▶ TASK STATEMENT: Look for the line with "Planche de tatouages"; please transcribe it and every later line in the entries exactly, up to the end, leaving pictures out.
___ STORED DATA
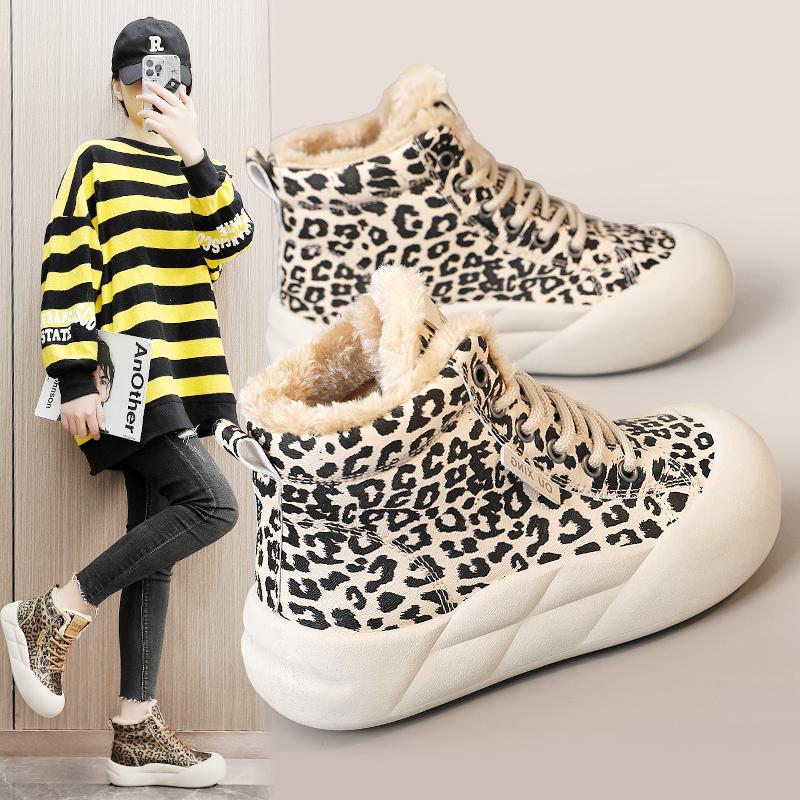TUINANLE Winter Plush Casual Platform Shoes Woman Sneakers Slip On Shoes Women Flock Leopard Print Chunky Sneakers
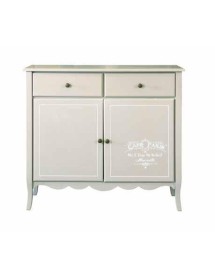 MOBILI 2G - Credenza legno 2 porte 2 cassetti legno shabby tortora bianco scritte 110X35X100 (1238) vista frontale
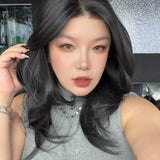 JBEXTENSION 20 Inches Jet Black Pre-Cut 13X6 Free Part Snowflake Lace Frontlace Glueless Wig MABEL PRO - JET BLACK【BENDY EAR TABS】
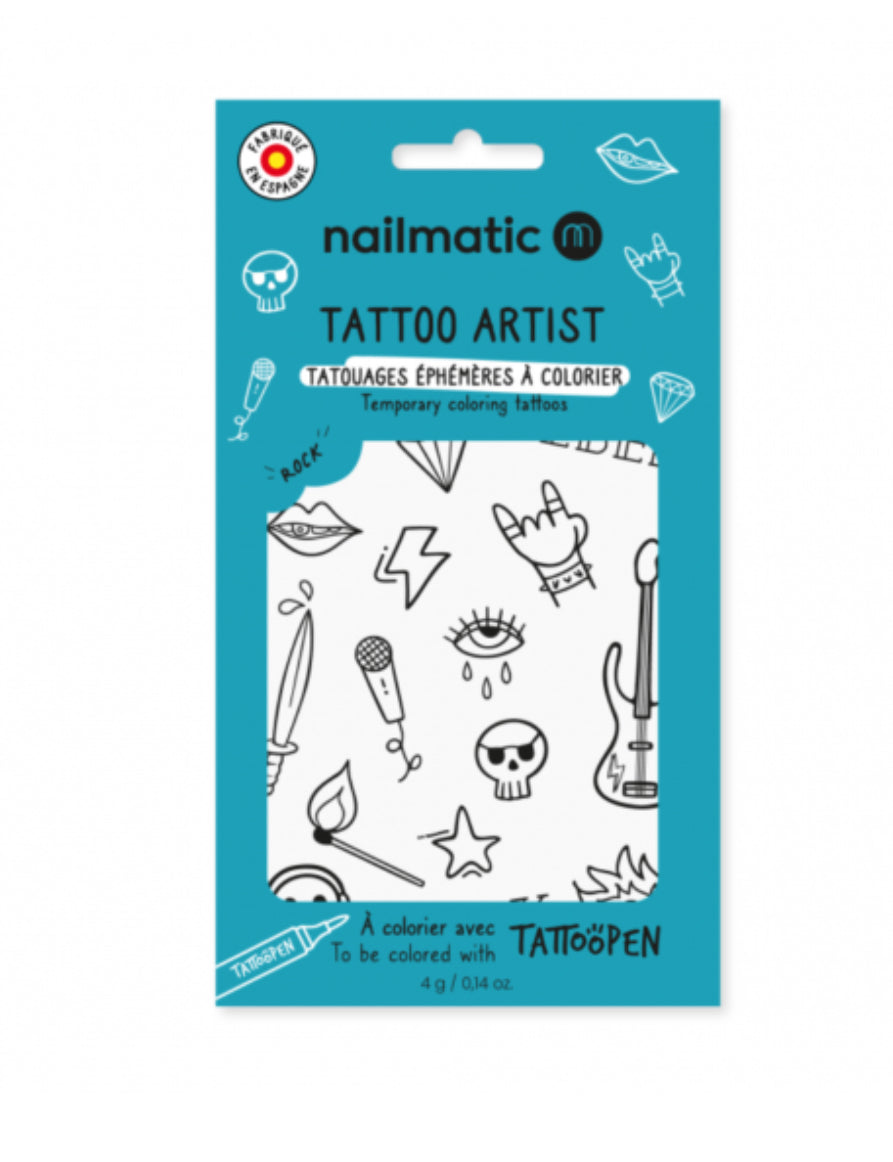 Planche de tatouages à colorier - Rock - Nailmatic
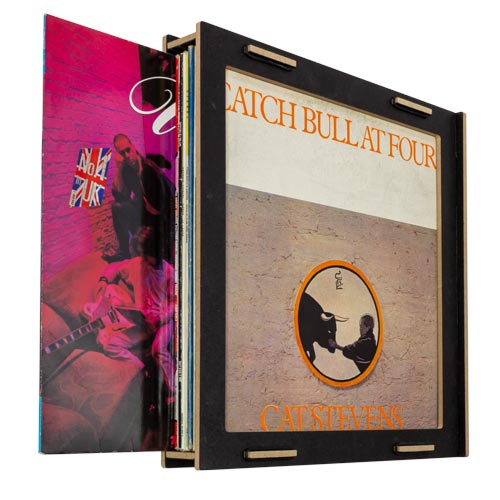 Runder LP Bilder-Rahmen aus echter Vinyl-Schallplatte mit rundem Bildausschnitt 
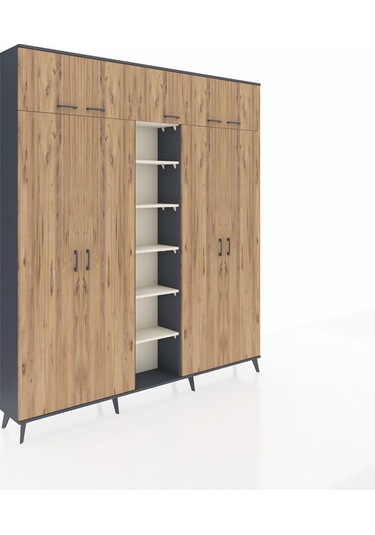 Arges Dolap 12 Raflı 9 Kapaklı 2 Askılı 220x30x243 Antrasit-çam/aytaşı Atlas Çam/aytası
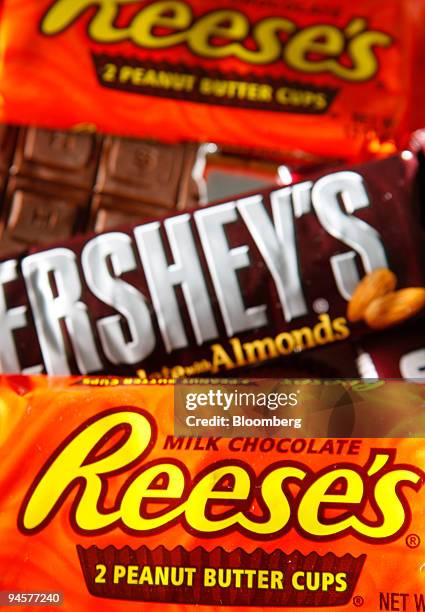 Reese's Peanut Butter Cups and Hershey chocolate bars are arranged in New York, U.S., on Thursday, Oct. 18, 2007. D.E. Shaw has boosted its...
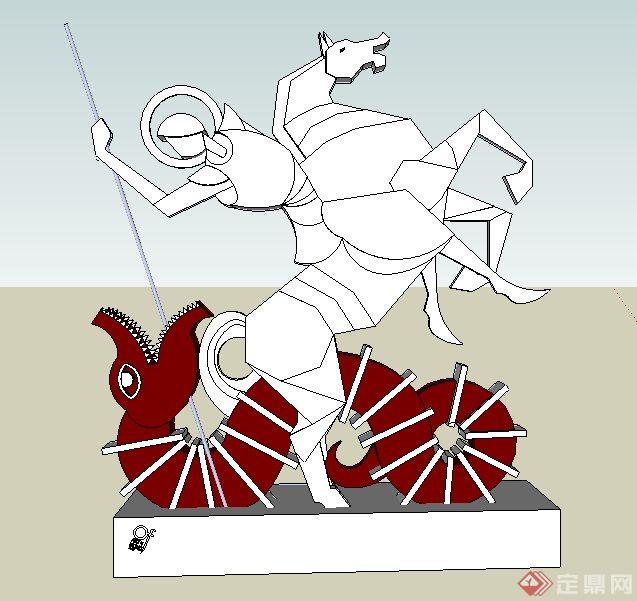 骑士与马匹雕塑Su模型(1)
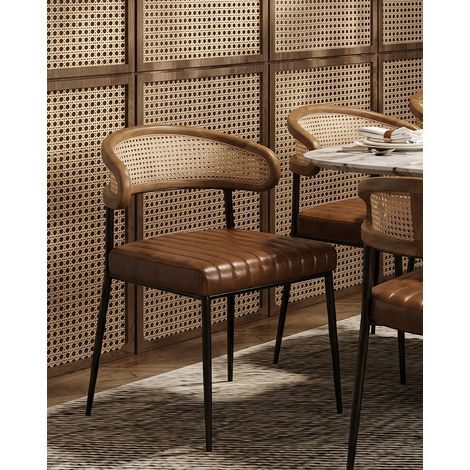 Caméo - Chaise en cuir marron et cannage (1/5)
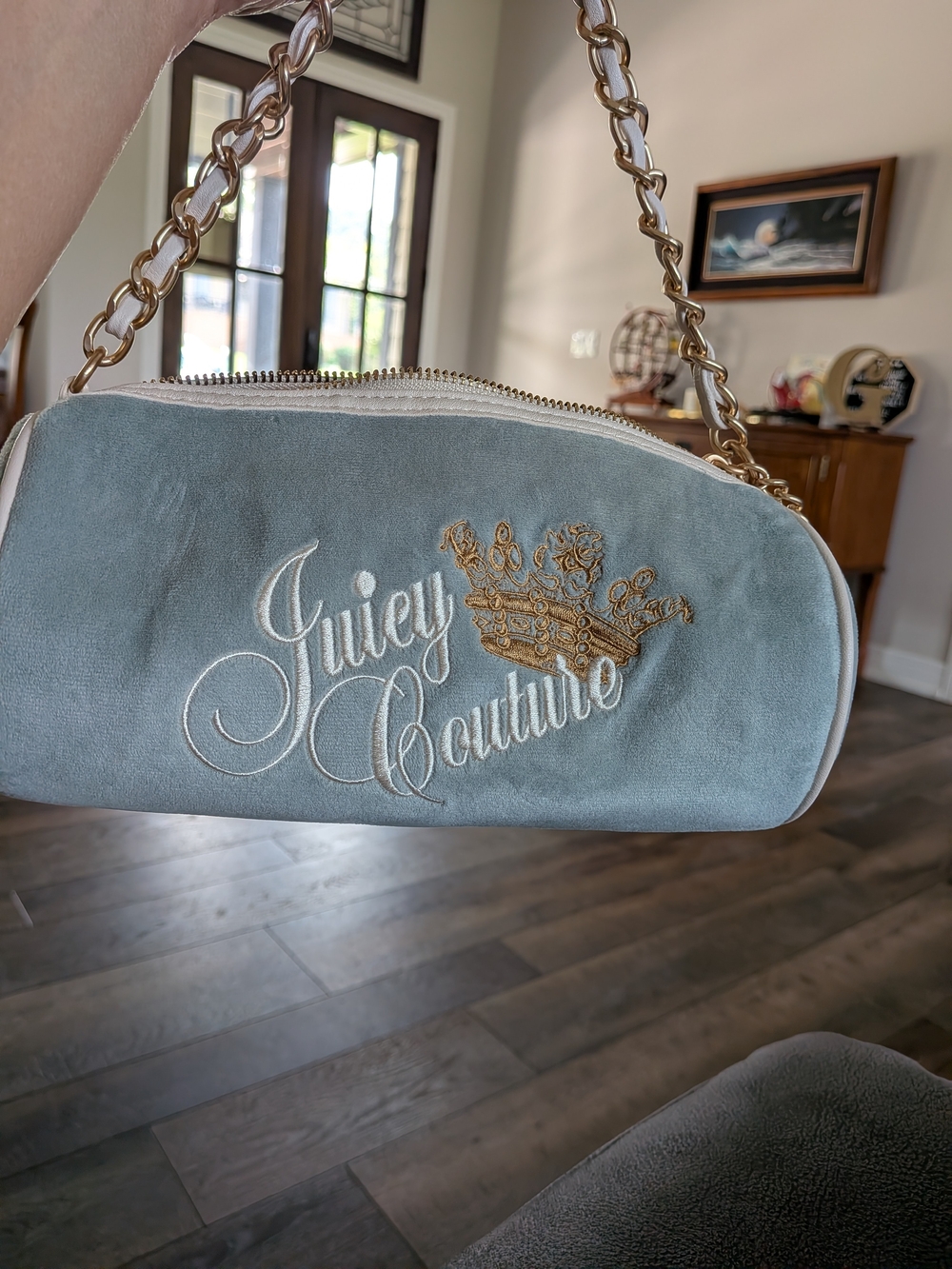 Juicy Couture Light Blue Velore  Chain-Handle Barrel Bag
______
▶ COMPLETED TASK:
 Planche de tatouages à colorier - Rock - Nailmatic
 Runder LP Bilder-Rahmen aus echter Vinyl-Schallplatte mit rundem Bildausschnitt 
 Arges Dolap 12 Raflı 9 Kapaklı 2 Askılı 220x30x243 Antrasit-çam/aytaşı Atlas Çam/aytası
 Reese's Peanut Butter Cups and Hershey chocolate bars are arranged in New York, U.S., on Thursday, Oct. 18, 2007. D.E. Shaw has boosted its...
 骑士与马匹雕塑Su模型(1)
 Caméo - Chaise en cuir marron et cannage (1/5)
 Juicy Couture Light Blue Velore  Chain-Handle Barrel Bag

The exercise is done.